=== WORK TASK ===
Output all of the data below without changing a word, and exclude the pictures.

=== DATASET ENTRIES ===

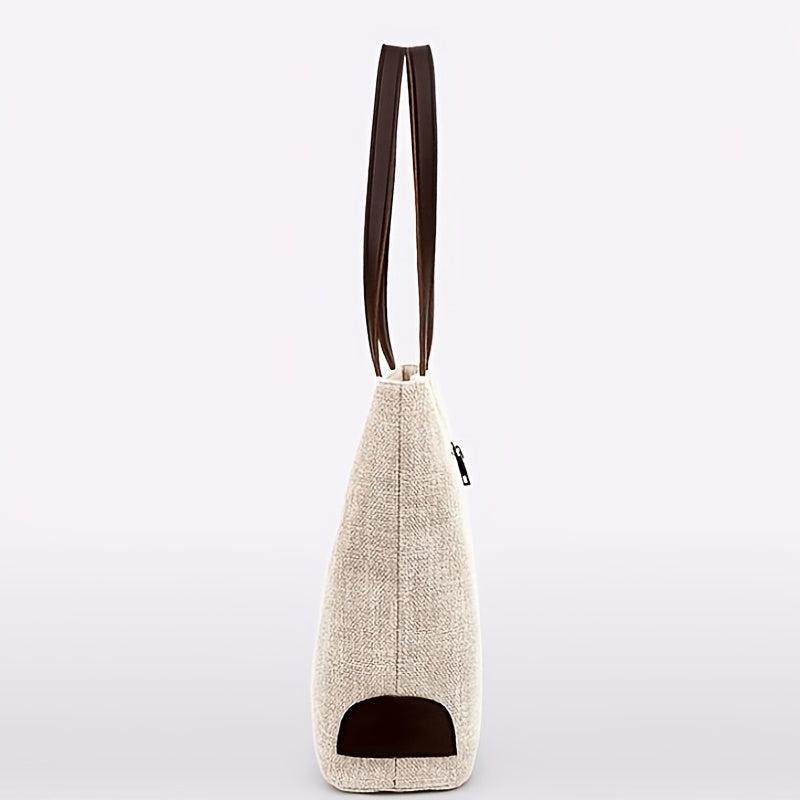 Casual Tote Shoulder Bag Storage Zipper Bag Versatile Travel Bag
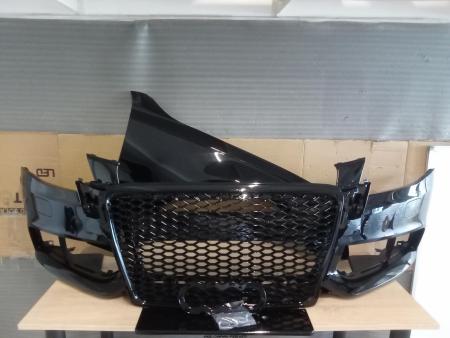 Bara fata cu grila radiator Fagure RS-LOOK, aripa fata Audi A4 B8 2007-2012 LY9B Negru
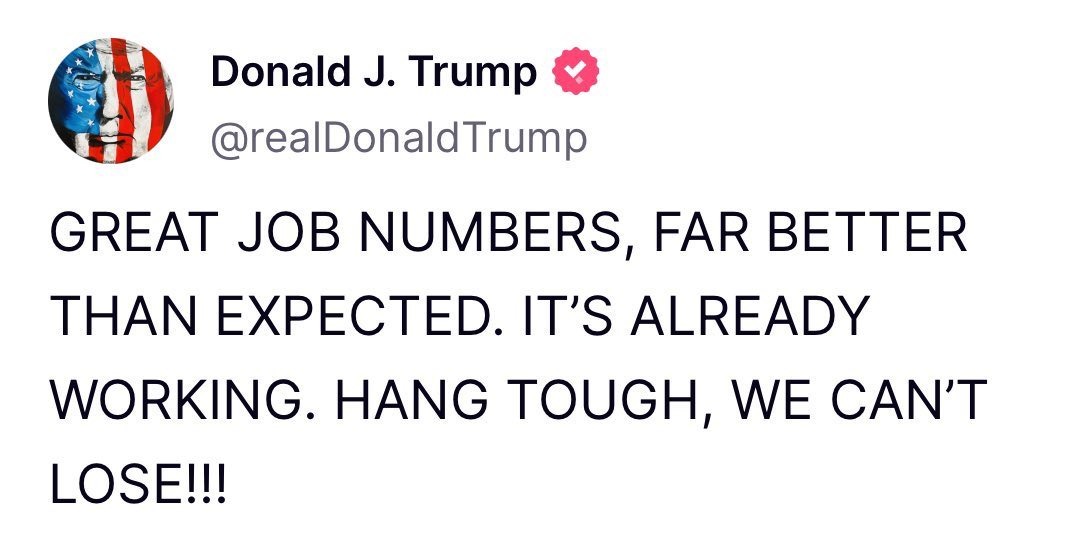 «Сейчас лучшее время становиться богатым, богатым как никогда раньше. Отличные данные. Всё уже работает. Держимся крепко. Мы не проиграем. Моя политика никогда не изменится», — сказал Трамп.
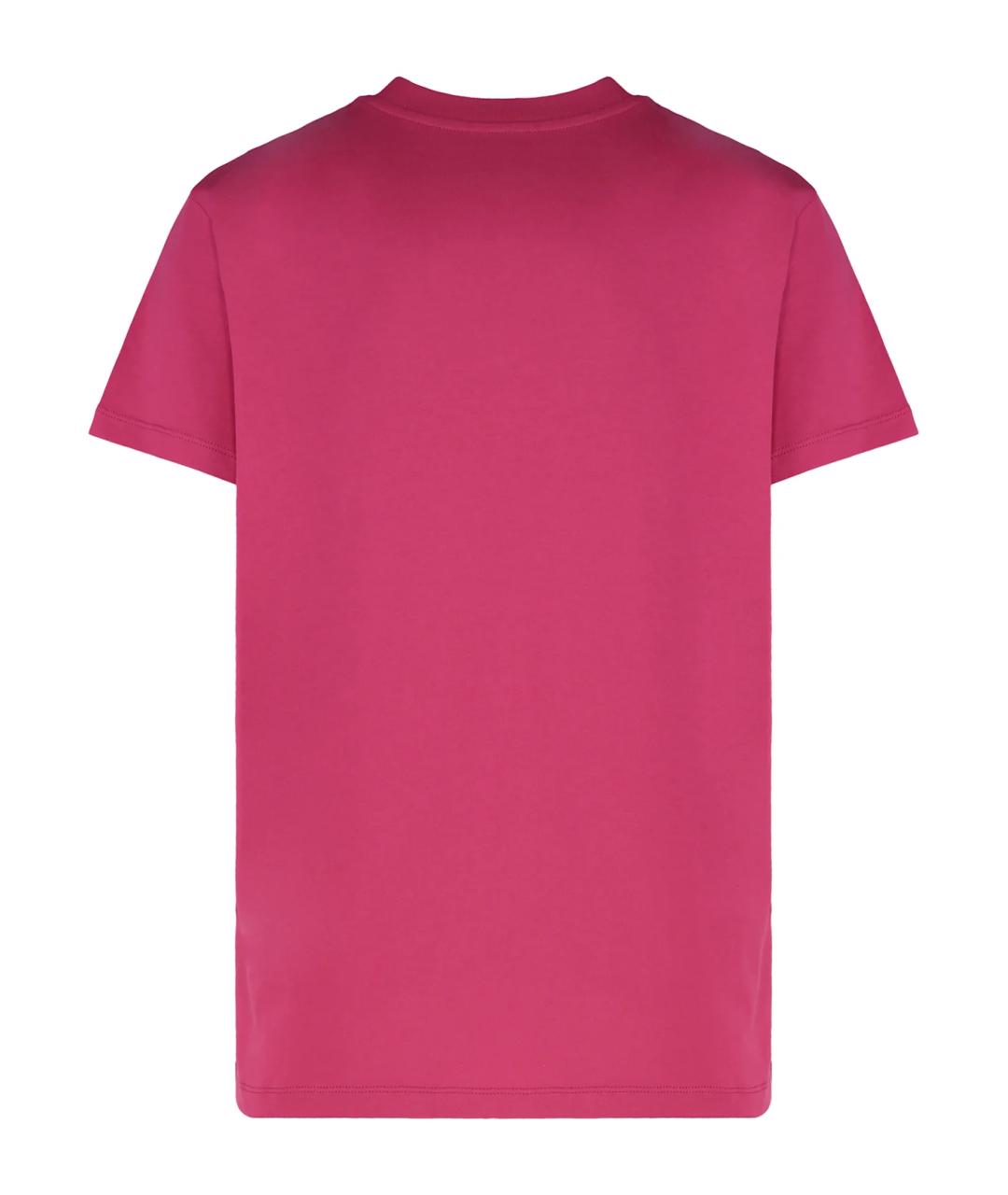 MONCLER Фуксия хлопковая футболка, фото 2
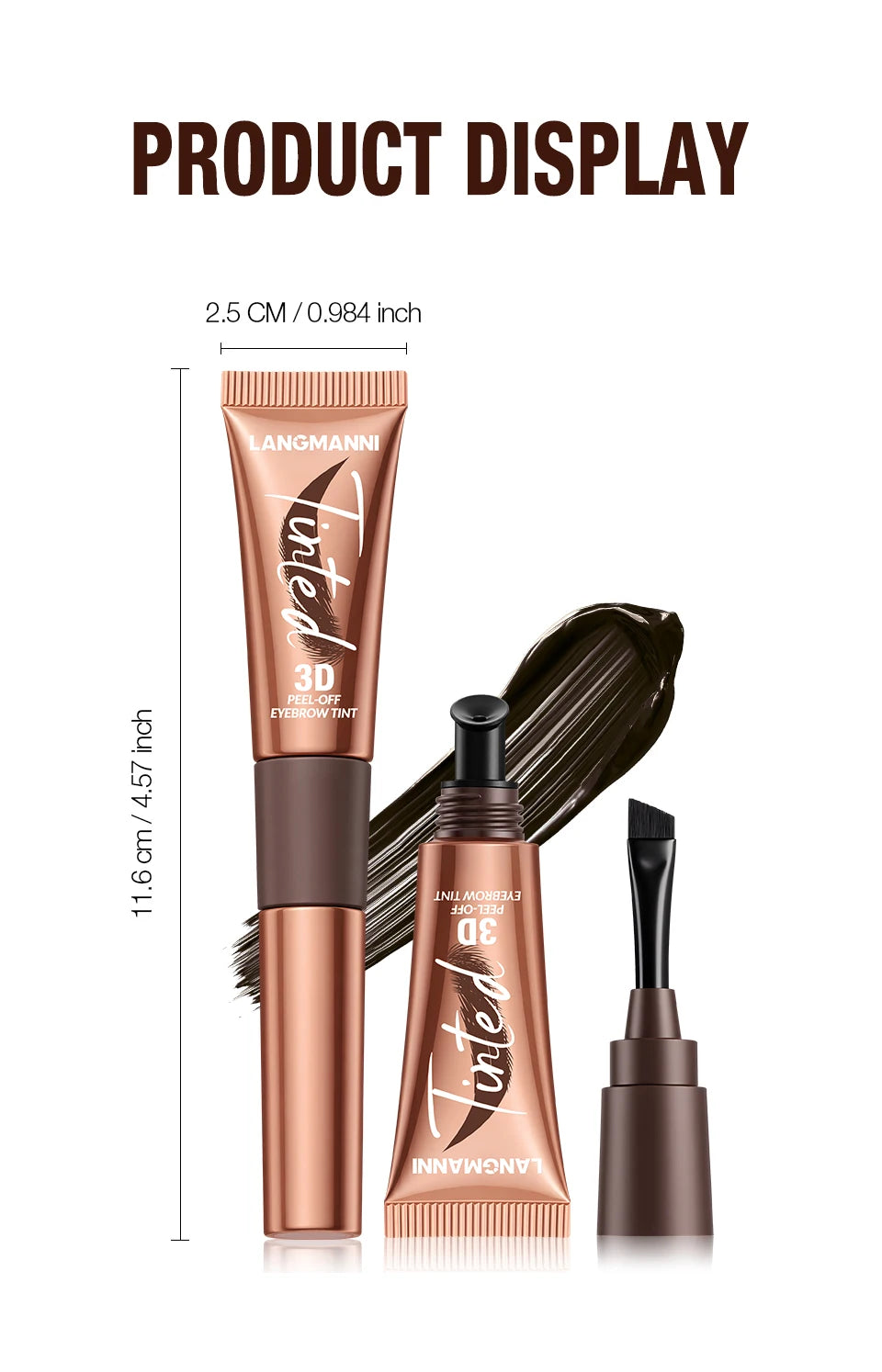 Gel de teinture pour sourcils 3 couleurs, imperméable, longue tenue, naturel, amovible, sans bavures, tatouage, maquillage.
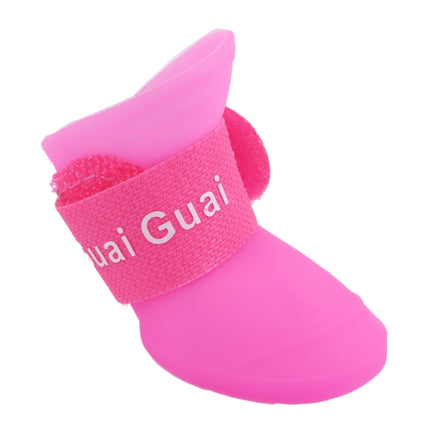 Lovely Pet Dog Shoes Puppy Candy Color Rubber Boots Waterproof Rain Shoes, S, Size: 4.3 x 3.3cm(Pink)-garmade.com
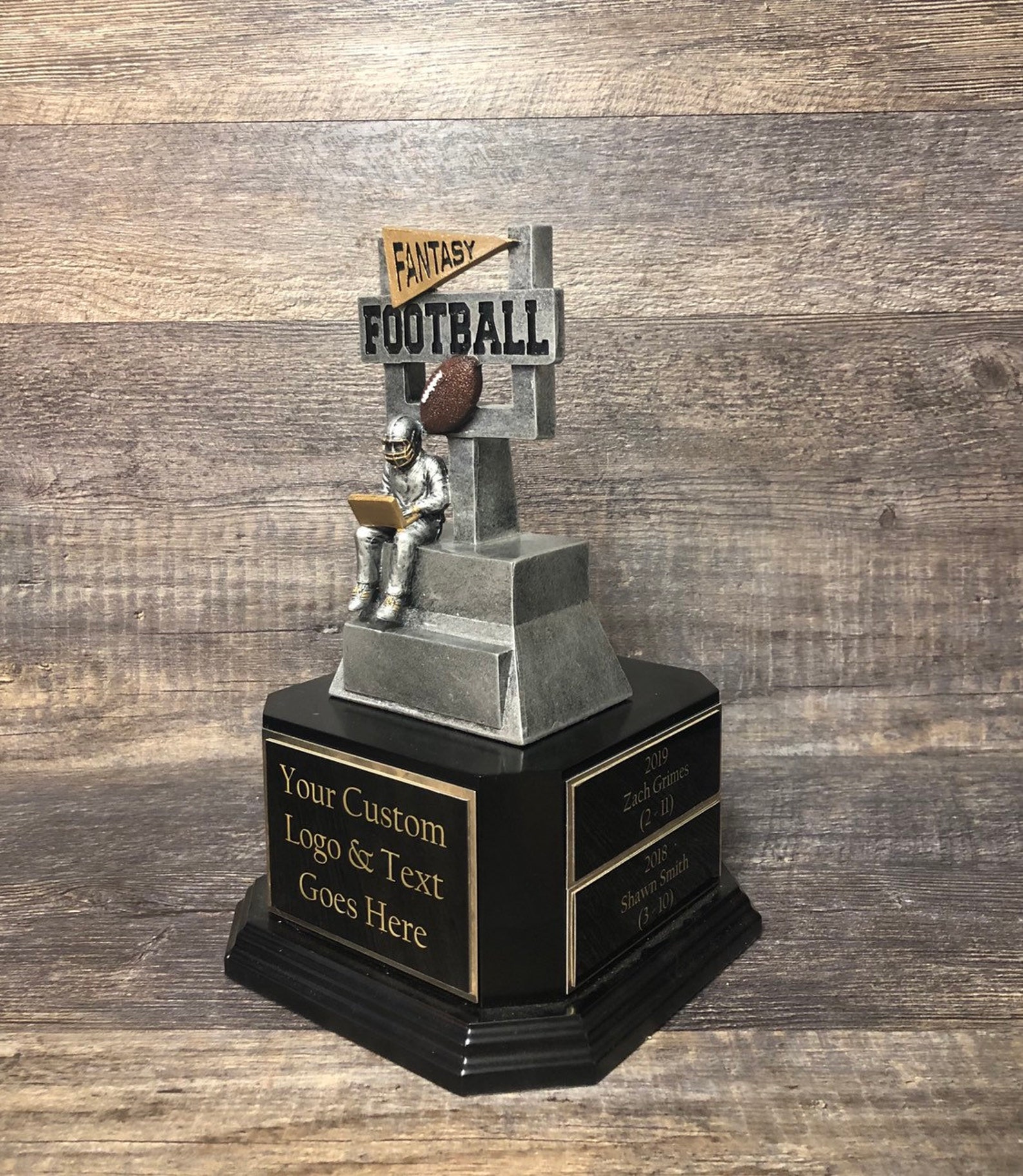 Fantasy Football League Trophy FFL Trophy Armchair Quarterback Etsy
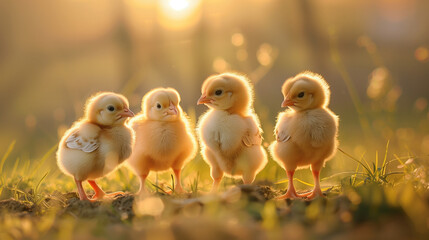 Four cute yellow chicks standing in a line in the grass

=== RESULT FOR THIS TASK ===
 Casual Tote Shoulder Bag Storage Zipper Bag Versatile Travel Bag
 Bara fata cu grila radiator Fagure RS-LOOK, aripa fata Audi A4 B8 2007-2012 LY9B Negru
 «Сейчас лучшее время становиться богатым, богатым как никогда раньше. Отличные данные. Всё уже работает. Держимся крепко. Мы не проиграем. Моя политика никогда не изменится», — сказал Трамп.
 MONCLER Фуксия хлопковая футболка, фото 2
 Gel de teinture pour sourcils 3 couleurs, imperméable, longue tenue, naturel, amovible, sans bavures, tatouage, maquillage.
 Lovely Pet Dog Shoes Puppy Candy Color Rubber Boots Waterproof Rain Shoes, S, Size: 4.3 x 3.3cm(Pink)-garmade.com
 Fantasy Football League Trophy FFL Trophy Armchair Quarterback Etsy
 Four cute yellow chicks standing in a line in the grass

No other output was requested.